Last night I interviewed a band from Denver over the telephone. They were calling from the studio in LA, and we discussed the things that are happening from doing the work. As the conversation went on and we dipped in and out of spirituality, I realized how aligned our timing was and that great things were happening for them and me in a similar manner almost on the same calendar. It was at that point I thought about how much has come my way in the last few weeks. I am experiencing real opportunities for the first time ever. What I mean by that is very small pieces of a very large puzzle have been laid at my feet, now it is up to me to fit them all together and put it all into action. This is much different from landing a great job where my buddy is my boss. The path is not laid out for me yet but I have been given the tools to do the job. And I will be honest, this has never happened to me before. Everything that I have been promised that would happen from sobriety is literally landing at my feet one by one. So I am at a cross roads. I can do what I have always done and sabotage the whole damn thing and blame it on anything but myself. Or I can slowly, and faithfully, put one foot in front of the other, staying focused on doing what is right and not what feels good. This means I have to dive further into my recovery and continue this self-examination and face the dark side in me and fix what is broken. It means that I need to go to more meetings than I am now, do more service work, be more honest, and most importantly be more forgiving. I must let go of more and give away all that I have. Any deviation from more action in my recovery will be devastating. Sure I already do a lot. But as my father says, “You can always do more.” Exercising is my path to meditation and a conscience contact with my higher power today, and in the last week, my ugliness has diverted me from that path. So before I get too far off and sink the entire ship it is time to pull out my trusty map and navigate back to the correct course. Or I will surely loose it all!

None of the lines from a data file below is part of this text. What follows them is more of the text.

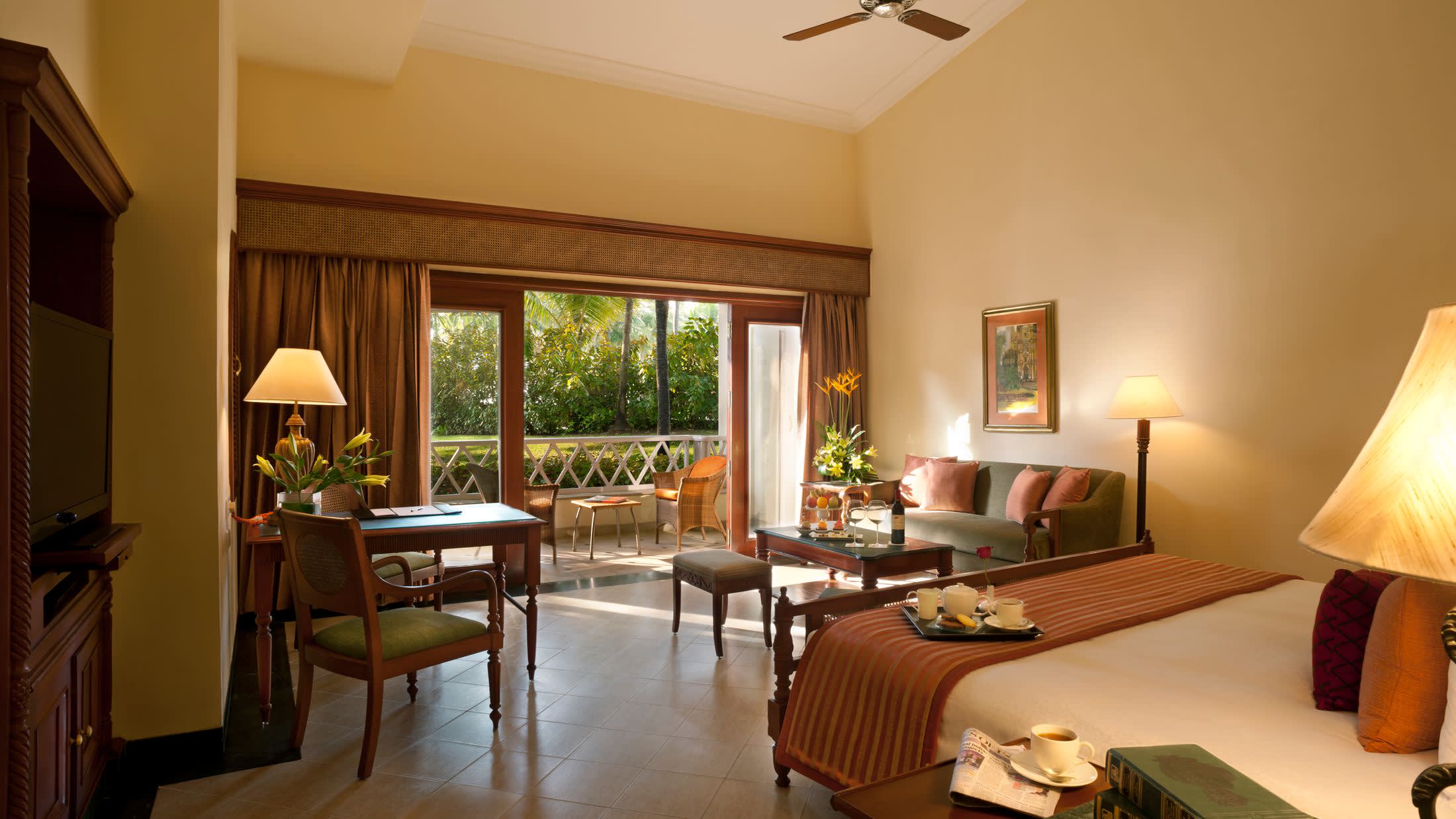 a living room filled with furniture and a large window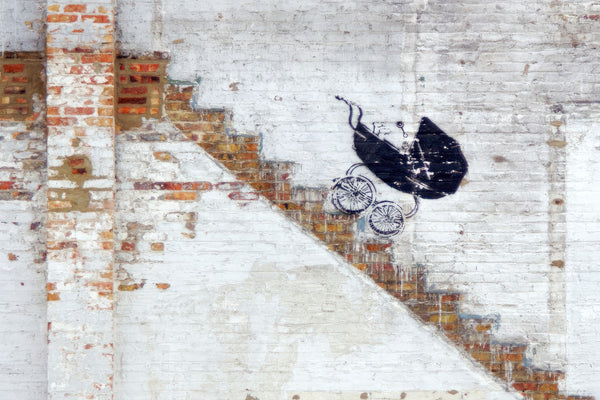 a painting of a baby carriage on a brick wall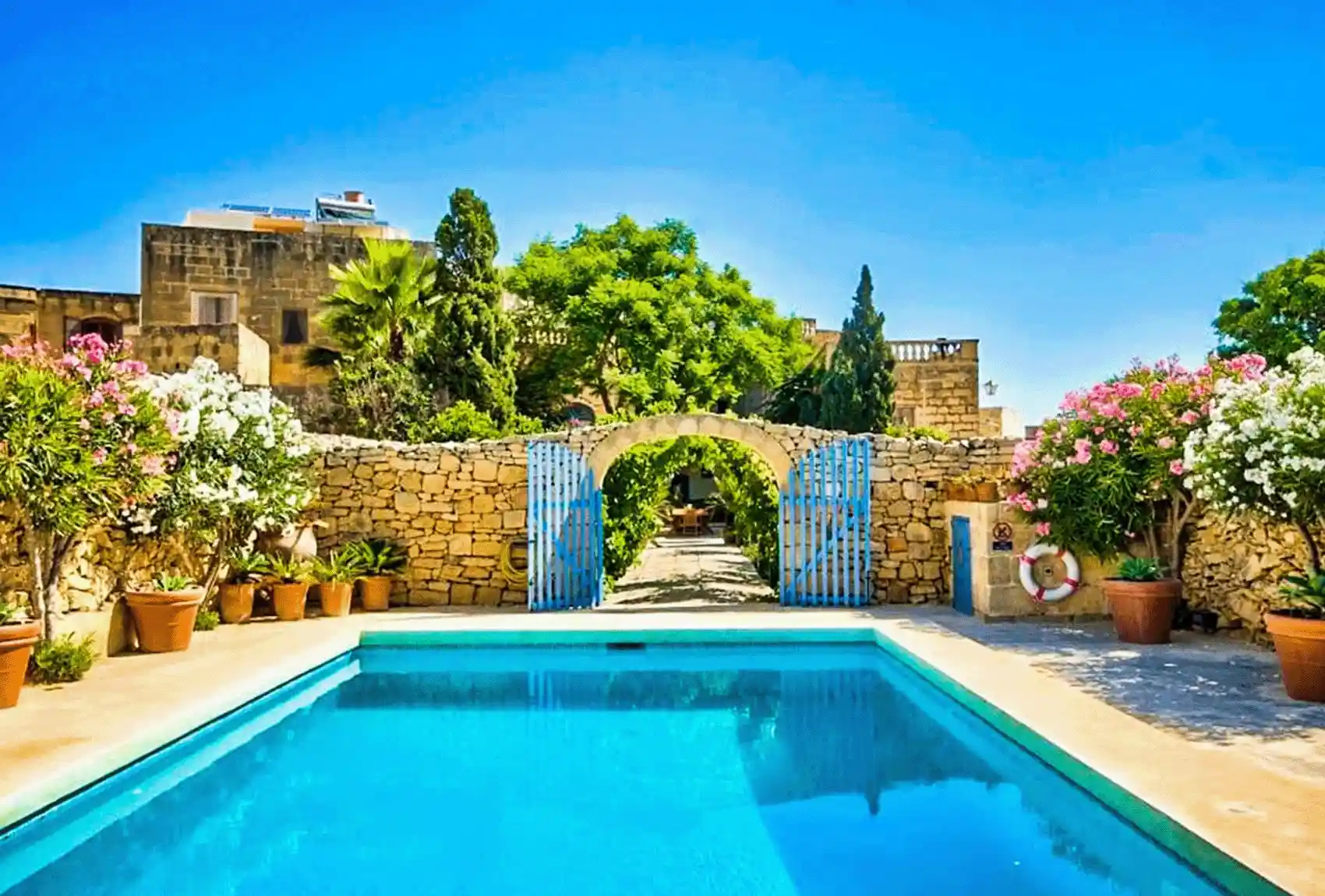 Casa Mezzodì Farmhouse, Kerċem, Gozo, Malta, private pool courtyard, lush garden, traditional stone walls.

I will have eighteen months sober on the 14th of May. That is not a whole lot of time in sobriety, but it absolutely puts me in the big boy phase of my recovery. I am now sober, the fog has cleared and this where the real work begins. No more time outs, I am getting sober left. It is time to be a man and handle my business and achieve everything I have ever wanted. So like the song says, “I can either get better, or I can get drunk.” So I think I will leave the getting drunk to the one that has not had enough yet. I have places to go and things to do.